Diagram of AlphaFold 2 as published in the official Nature paper in July 2021. We have added the separation red lines for convenience.

The overarching idea is quite simple, so I will try to sketch it in a few lines. If you are not familiar with deep learning, the following might sound slightly abstract, and that is perfectly fine. I will take you through the details later. For now, though, let us try to get a schematic picture of the network. For clarity, I have divided the image into thirds which represent the three main parts of the AlphaFold 2 system.

First of all, the AlphaFold 2 system uses the input amino acid sequence to query several databases of protein sequences, and constructs a multiple sequence alignment (MSA). Put simply, an MSA identifies similar, but not identical, sequences that have been identified in living organisms. This enables the determination of the parts of the sequence that are more likely to mutate, and allows us to detect correlations between them. AlphaFold 2 also tries to identify proteins that may have a similar structure to the input (“templates”), and constructs an initial representation of the structure, which it calls the “pair representation”. This is, in essence, a model of which amino acids are likely to be in contact with each other.

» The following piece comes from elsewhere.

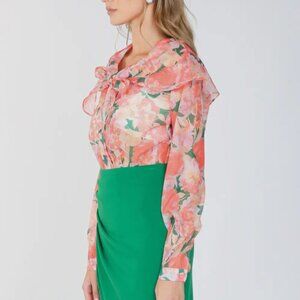 Beulah Style Floral Chiffon Blouse - Like New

In the second part of the diagram, AlphaFold 2 takes the multiple sequence alignment and the templates, and passes them through a transformer. We will talk about what a transformer entails later, but for now you can understand it as an “oracle” that can quickly identify which pieces of information are more informative. The objective of this part is to refine the representations for both the MSA and the pair interactions, but also to iteratively exchange information between them. A better model of the MSA will improve the network’s characterization of the geometry, which simultaneously will help refine the model of the MSA. This process is organised in blocks that are repeated iteratively until a specified number of cycles (48 blocks in the published model).

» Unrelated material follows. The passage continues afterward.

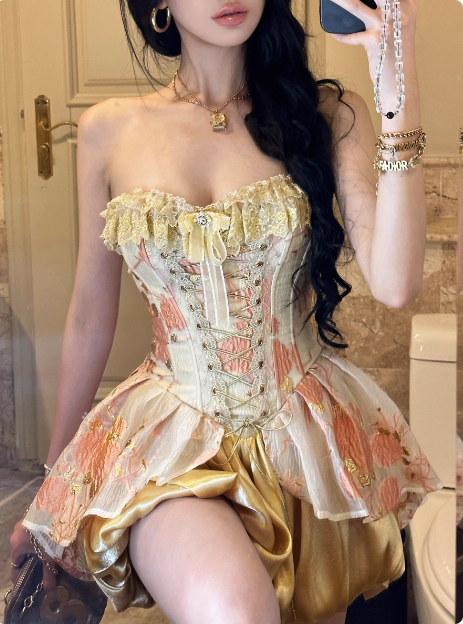 Vintage Corset Pink Gold Rose Puffy Birthday Dress Homecoming Dress P3898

This information is taken to the last part of the diagram: the structure module. This sophisticated piece of the pipeline takes the refined “MSA representation” and “pair representation”, and leverages them to construct a three-dimensional model of the structure. Unlike the previous state-of-the-art models, this network does not use any optimisation algorithm: it generates a static, final structure, in a single step. The end result is a long list of Cartesian coordinates representing the position of each atom of the protein, including side chains.

So, to recap: AlphaFold 2 finds similar sequences to the input, extracts the information using an especial neural network architecture, and then passes that information to another neural network that produces a structure.

One last piece is that the model works iteratively. After generating a final structure, it will take all the information (i.e. MSA representation, pair representation and predicted structure) and pass it back to the beginning of the Evoformer blocks, the second part of our diagram. This allows the model to refine its predictions, and also produce some funny videos that you can find in the article’s page.